To use these meteorological features within the model, we must transform the array format of the meteorological features into hourly meteorological graphs for the GCN model. First, since each of the meteorological features are recorded in terms of their respective units, we normalize the various units of these meteorological features. To normalize the units, we calculate each data point’s percentile value with respect to the previous day’s maximum value. This percentile value is calculated for each hourly sample and is the ratio between the current sample’s raw value and the metric’s maximum value across all 24 samples for the previous day. In this way, we retain the important meteorological information relative to each metric without relying on the domain-specific units of each meteorological feature.

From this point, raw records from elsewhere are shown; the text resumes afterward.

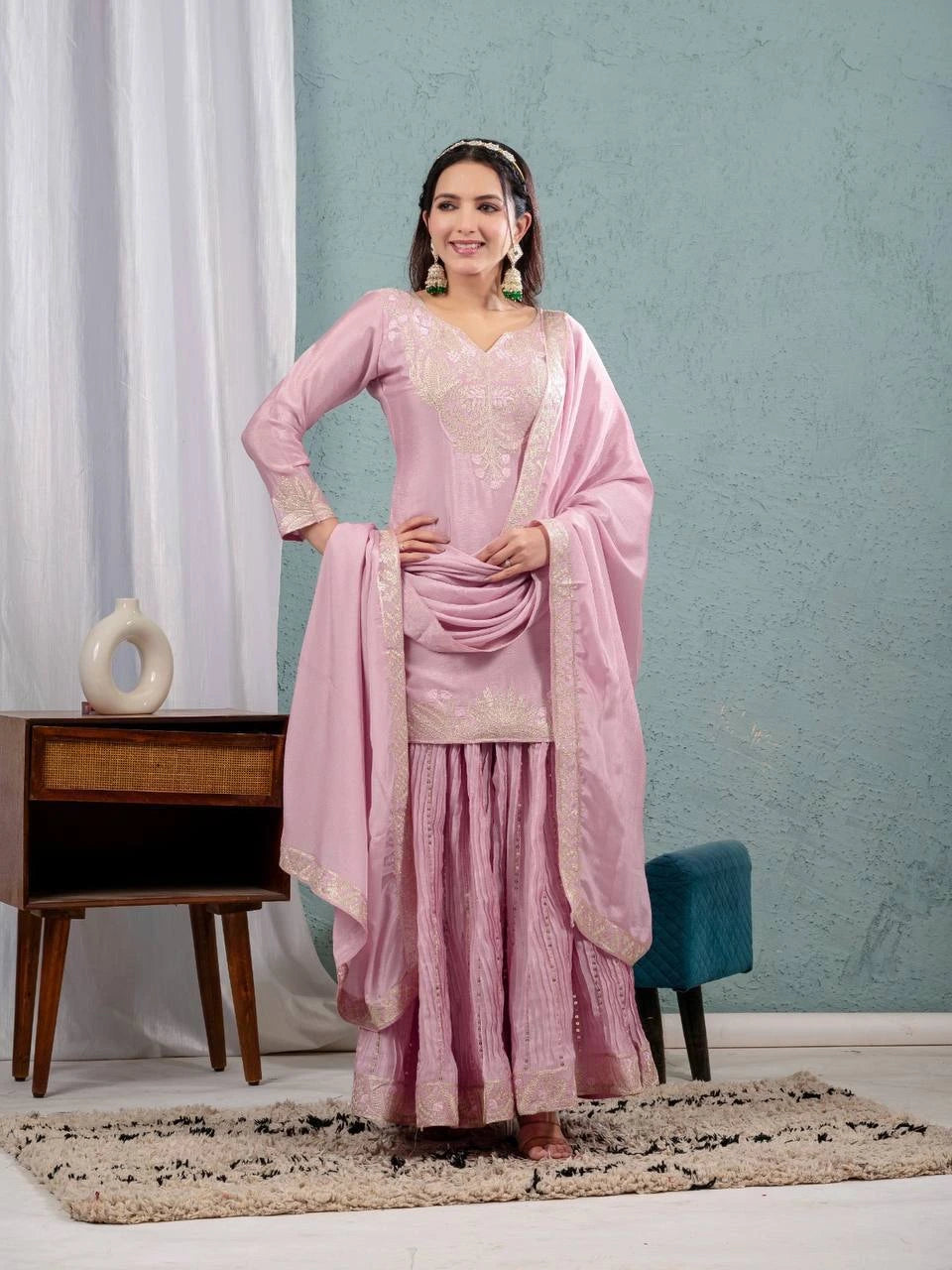 Woman in a pink traditional outfit standing in a room with a light blue wall and white curtains.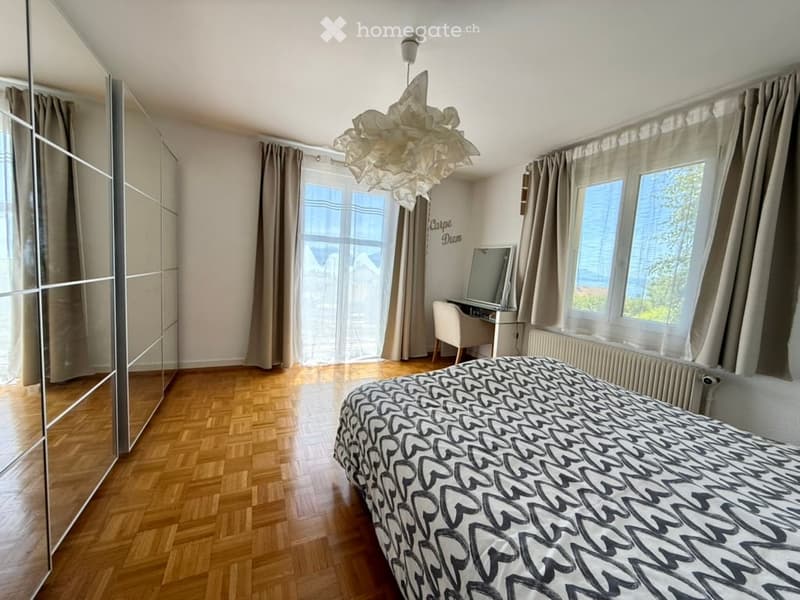 Bright bedroom with wooden flooring, large windows offering a view, a bed with patterned bedding, a wardrobe, a desk with a chair, and a decorative hanging lamp.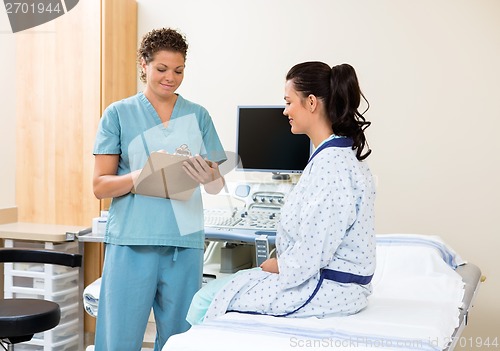 Image of Nurse Writing Notes With Patient Sitting On Bed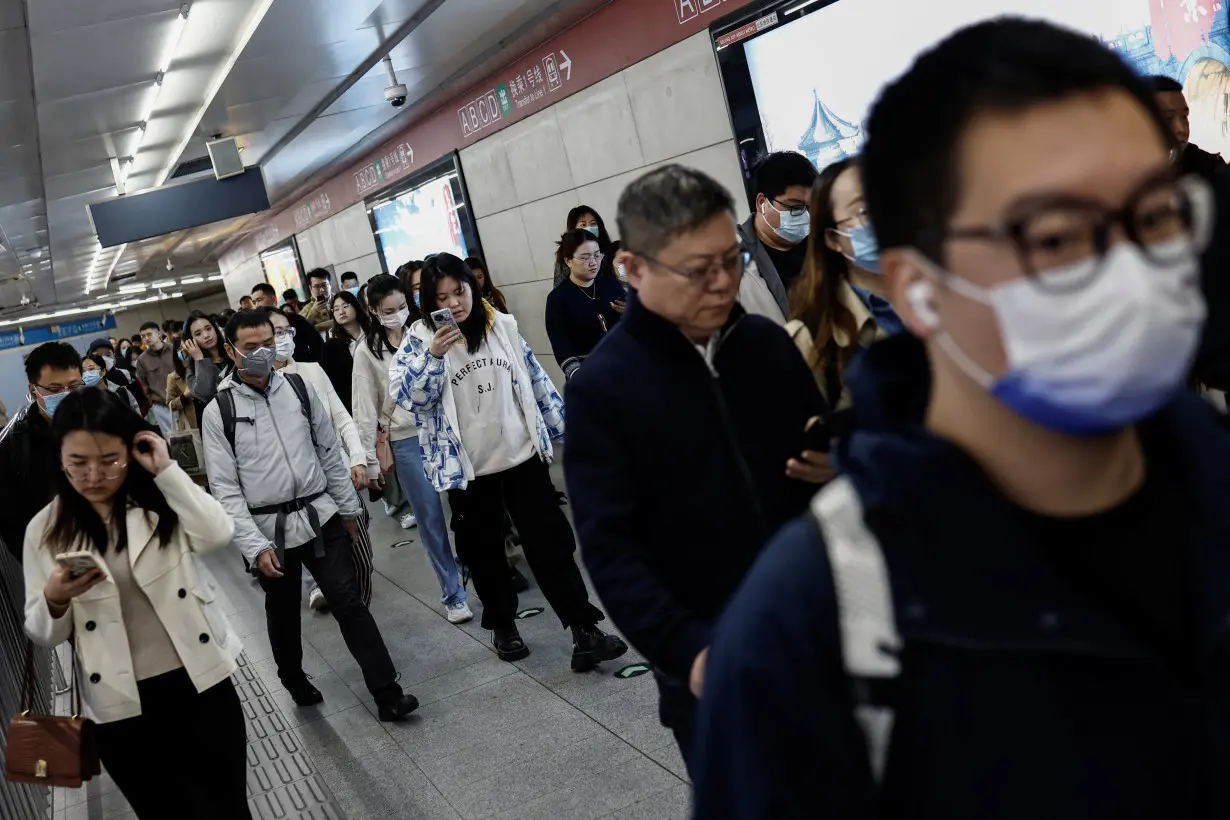 People walk at a subway station during morning rush hour in Beijing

Our ground-based sensor PM2.5 dataset is collected from the Southern California Air Resources Board AQMIS2 portal [
27]. For the geographic range we have defined, there are seven quality-assured, validated PM2.5 monitoring sites collecting hourly data in the following locations: Lancaster, Santa Clarita, Reseda, Glendora, Los Angeles—North Main St, Long Beach, and Long Beach—Rt 710. These seven PM2.5 sensors are the only government-maintained PM2.5 sensors within the geographical bounds; however, there are various low-cost privately maintained sensors we did not use in our predictive model. To effectively validate the performance of our model, we select only highly regulated and closely maintained sensors to ensure that the error uncertainty for the raw sensor measurements is as low as possible. We use historical PM2.5 data at these locations while training the model and validate the accuracy of our model by measuring the error between our predicted PM2.5 values for future timesteps at these locations against the ground truth PM2.5 values.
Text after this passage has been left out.